NIC memory reserve

NIC drivers pre-allocate memory for received packets. Once the packets arrive NIC can DMA them into the buffers, potentially hundreds of them, before host processing kicks in.

For efficiency reasons each packet-processing CPU (in extreme cases every CPU on the system) will have its own set of packet queues, including its own set of pre-allocated buffers.

The amount of memory pre-allocated for Rx is a product of:

A reasonable example in data centers would be:

8k * 32 queues * 4k entries = 1GB

Buffer size is roughly dictated by the MTU of the network, for a modern datacenter network 8k (2 pages) is likely a right ballpark figure.
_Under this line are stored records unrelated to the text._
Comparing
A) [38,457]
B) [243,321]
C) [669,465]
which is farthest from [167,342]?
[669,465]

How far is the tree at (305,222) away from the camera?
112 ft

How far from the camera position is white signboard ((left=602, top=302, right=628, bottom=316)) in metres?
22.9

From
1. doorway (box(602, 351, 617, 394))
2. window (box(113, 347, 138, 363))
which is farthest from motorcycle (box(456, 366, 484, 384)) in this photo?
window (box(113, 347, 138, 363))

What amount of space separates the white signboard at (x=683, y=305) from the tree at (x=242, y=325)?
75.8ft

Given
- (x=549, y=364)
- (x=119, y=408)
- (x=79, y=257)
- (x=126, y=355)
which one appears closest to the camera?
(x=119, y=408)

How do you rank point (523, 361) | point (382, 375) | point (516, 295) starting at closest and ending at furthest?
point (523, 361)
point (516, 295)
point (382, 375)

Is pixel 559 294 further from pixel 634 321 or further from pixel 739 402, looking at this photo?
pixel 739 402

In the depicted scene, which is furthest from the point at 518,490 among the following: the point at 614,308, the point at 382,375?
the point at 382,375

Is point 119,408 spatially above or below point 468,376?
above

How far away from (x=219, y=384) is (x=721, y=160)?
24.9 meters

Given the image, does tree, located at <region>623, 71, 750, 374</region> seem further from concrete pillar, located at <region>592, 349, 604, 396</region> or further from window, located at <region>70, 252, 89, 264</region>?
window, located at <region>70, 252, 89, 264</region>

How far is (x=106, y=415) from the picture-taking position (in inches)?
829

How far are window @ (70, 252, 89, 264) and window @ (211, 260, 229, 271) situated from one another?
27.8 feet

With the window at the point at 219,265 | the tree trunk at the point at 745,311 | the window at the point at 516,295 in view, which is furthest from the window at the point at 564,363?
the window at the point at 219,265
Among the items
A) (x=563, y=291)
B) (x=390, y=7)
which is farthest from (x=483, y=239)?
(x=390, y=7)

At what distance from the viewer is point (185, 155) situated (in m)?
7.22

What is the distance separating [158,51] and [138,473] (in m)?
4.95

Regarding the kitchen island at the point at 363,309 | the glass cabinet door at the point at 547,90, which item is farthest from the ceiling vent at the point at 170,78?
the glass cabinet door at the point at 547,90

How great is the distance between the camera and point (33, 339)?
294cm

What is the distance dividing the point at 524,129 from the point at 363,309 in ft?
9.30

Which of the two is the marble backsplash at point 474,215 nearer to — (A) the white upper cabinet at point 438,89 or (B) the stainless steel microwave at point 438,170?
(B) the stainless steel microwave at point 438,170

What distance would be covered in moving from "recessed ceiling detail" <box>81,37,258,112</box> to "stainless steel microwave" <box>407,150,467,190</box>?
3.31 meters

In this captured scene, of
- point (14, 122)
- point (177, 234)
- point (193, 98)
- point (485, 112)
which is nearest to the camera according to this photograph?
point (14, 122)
Number of queues depends on the number of cores on the system and the request-per-second rate of the workload. 32 queues is a reasonable choice for the example (either 100+ threads or a network-heavy workload).
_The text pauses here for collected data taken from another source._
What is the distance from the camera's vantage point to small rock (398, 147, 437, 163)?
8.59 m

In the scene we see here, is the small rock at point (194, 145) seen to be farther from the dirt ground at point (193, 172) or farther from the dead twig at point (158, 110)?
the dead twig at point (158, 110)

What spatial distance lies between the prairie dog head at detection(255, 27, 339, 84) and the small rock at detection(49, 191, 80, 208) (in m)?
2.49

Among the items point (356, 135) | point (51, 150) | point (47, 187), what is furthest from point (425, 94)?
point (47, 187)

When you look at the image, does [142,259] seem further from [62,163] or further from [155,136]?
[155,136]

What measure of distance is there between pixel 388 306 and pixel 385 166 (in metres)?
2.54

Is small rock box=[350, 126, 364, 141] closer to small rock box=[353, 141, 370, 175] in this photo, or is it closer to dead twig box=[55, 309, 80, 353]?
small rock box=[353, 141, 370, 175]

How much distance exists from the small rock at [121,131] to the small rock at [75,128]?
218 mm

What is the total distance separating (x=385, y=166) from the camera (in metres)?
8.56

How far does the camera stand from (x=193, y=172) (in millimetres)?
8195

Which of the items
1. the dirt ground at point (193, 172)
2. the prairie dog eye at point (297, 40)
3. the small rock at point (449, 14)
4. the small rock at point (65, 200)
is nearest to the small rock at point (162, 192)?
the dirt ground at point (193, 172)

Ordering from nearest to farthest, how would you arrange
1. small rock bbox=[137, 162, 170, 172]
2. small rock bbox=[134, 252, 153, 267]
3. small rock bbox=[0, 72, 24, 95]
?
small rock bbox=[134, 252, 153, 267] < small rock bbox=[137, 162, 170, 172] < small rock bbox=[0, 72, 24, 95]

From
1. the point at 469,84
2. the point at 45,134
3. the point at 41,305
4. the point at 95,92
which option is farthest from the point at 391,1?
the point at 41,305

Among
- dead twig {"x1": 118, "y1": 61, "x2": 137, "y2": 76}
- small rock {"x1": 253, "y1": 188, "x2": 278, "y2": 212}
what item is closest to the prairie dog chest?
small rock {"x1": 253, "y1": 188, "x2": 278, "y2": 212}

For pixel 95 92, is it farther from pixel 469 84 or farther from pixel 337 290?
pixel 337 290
Last but not least – the queue depth. Because networking is bursty, and NAPI processing is at the whim of the scheduler (the latter is more of an issue in practice) the queue depths of 4k or 8k entries are not uncommon.

Can we do better?

Memory is not cheap, having 1GB of memory sitting around unused 99% of the time has a real cost. If we were to advise a NIC design (or had access to highly flexible devices like the Netronome/Corigine NICs) we could use the following scheme to save memory:

Normal processing rarely requires queue depth of more than 512 entries. We could therefore have smaller dedicated queues, and a larger “reserve” – a queue from which every Rx queue can draw, but which requires additional synchronization on the host side. To achieve the equivalent of 4k entries we'd only need:

8k * 32 queues * 512 entries + 8k * 1 reserve * 4k entries = 160MB

The NIC would try to use the 512 entries dedicated to each queue first, but if they run out (due to a packet burst or a scheduling delay) it could use the entries from the reserve. Bursts and latency spikes are rarely synchronized across the queues.

Can we do worse?

In practice memory savings are rarely top-of-mind for NIC vendors. Multiple drivers in Linux allocate a set of rings for each thread of the CPU. I can only guess that this is to make sure iperf tests run without a hitch...

As we wait for vendors to improve their devices – double check the queue count and queue size you use are justified (ethtool -g / ethtool -l).